Seriously though, this got me thinking about error messages- what kinds of error messages I find useful and what sort of error messages I hate. Obviously I hate messages like "unknown abstract schema type". Worse still is the *absence* of error messages (aka, the "silent failure") and only slightly better is the NullPointerException (or any other exception with a broad, generic name) with the stack trace.
So what makes a good error message good and a bad error message bad? I have narrowed my scope to four things: Context, Clarity, Detail and Action-ability.
- Context: this error didn't just happen out of the blue. What was the program doing when the error occurred? Was it trying to locate a class defined in persistence.xml? Was it trying to find META-INF/persistence.xml on the classpath? Was it attempting a network connection? A disk write? Was this action part of some larger task? Just what was going on in the system when the error occurred?
- Clarity: errors should be concise, plain-English descriptions of the fault condition that give the developer (or the end user) a concrete idea of what actually went wrong. "Unknown abstract schema type" doesn't do that. "Unable to find a <class> entry for [Classname] in persistence.xml" would give a much clearer idea of what went wrong.
- Detail: hand-in-hand with clarity, the error must give enough detail so that the problem can be resolved, but not so much detail that the user or developer is buried in irrelevant minutia. "Class not found" isn't enough detail. "Unable to locate class net.spatula.news.GoatCheese on the classpath" is better. Along with Clarity, "Unable to locate class net.spatula.news.GoatCheese during initialization" is better still.
- Action-ability: this goes beyond simply giving an error message to which the developer or end-user can respond with some action; it's better still when the error message can offer suggestions. I was pleased to see this show up in PostgreSQL 8.1. Not only did it tell me what my error was, it offered a HINT about what I might do to correct it.
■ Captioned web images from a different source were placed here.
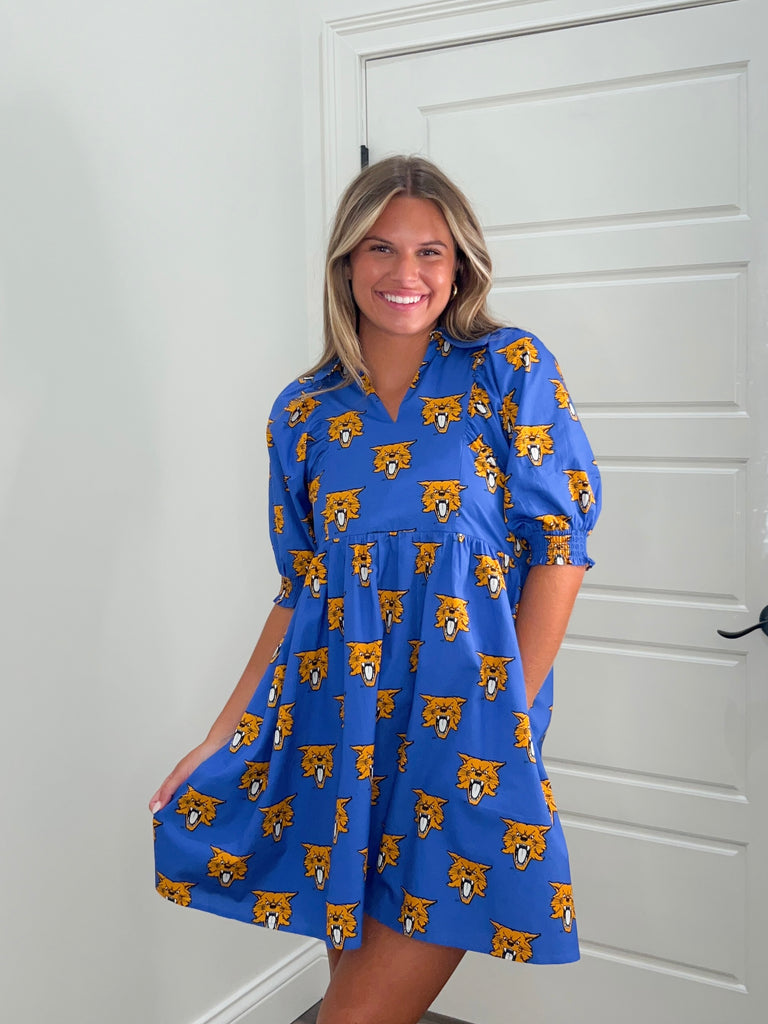 The KY Wildcat Poplin Dress Clothing Peacocks & Pearls Lexington   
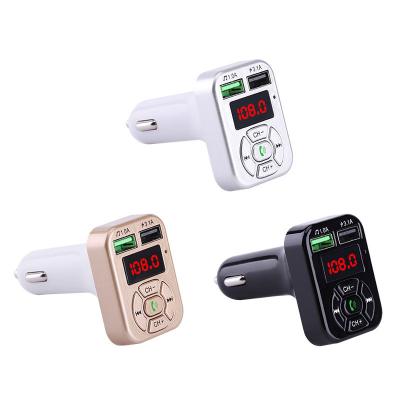 China Car A9 Blutooth Car USB Adapter Handfree MP3 Player TF Card Dual Portable FM Transmitter Charger Mobile Phone for sale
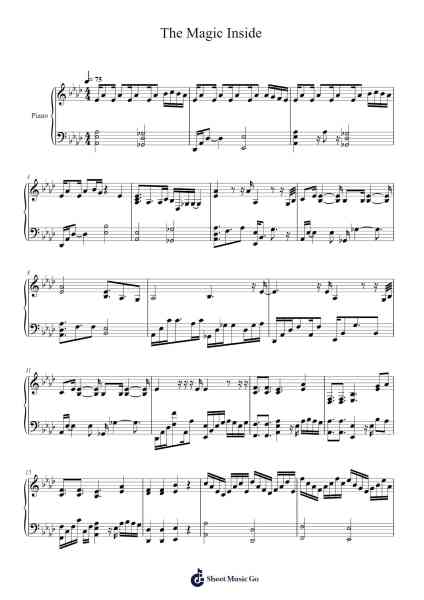 The Magic Inside Sheet Music by Northyy-Arr.Toutpeg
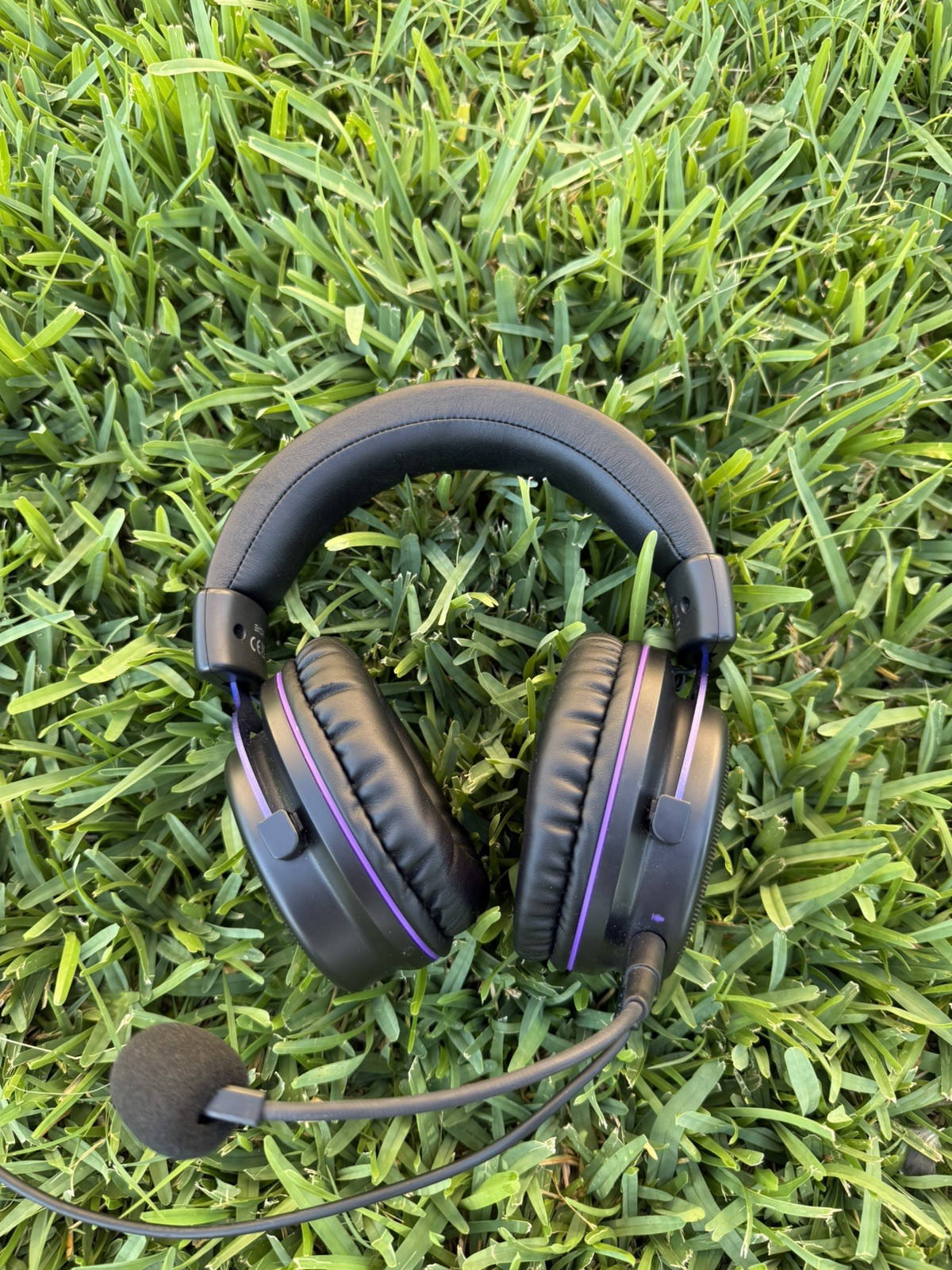 EKSA Black And Purple Gaming HeadSet One Size Fits All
How much easier my morning might have been had Glassfish Persistence said, "Could not find an entry for class [Article] while initializing mappings. Make sure the class is specified by EJB or by a <class> entry in META-INF/persistence.xml."
Yeah, it's a little more work for the framework developer, but it makes the framework a lot more usable and developer-friendly.
I just got the "Unknown abstract schema type" from toplink
Useless unless you google them
Nick: While a bit offensive in approach you do raise a good point and I appreciate the frustration that can be caused from diagnosing an exception message that does not appear to offer much help. Please file a
bug against EclipseLink if you encounter any issues as this is our primary feedback mechanism and allows us to address specific issues much more quickly.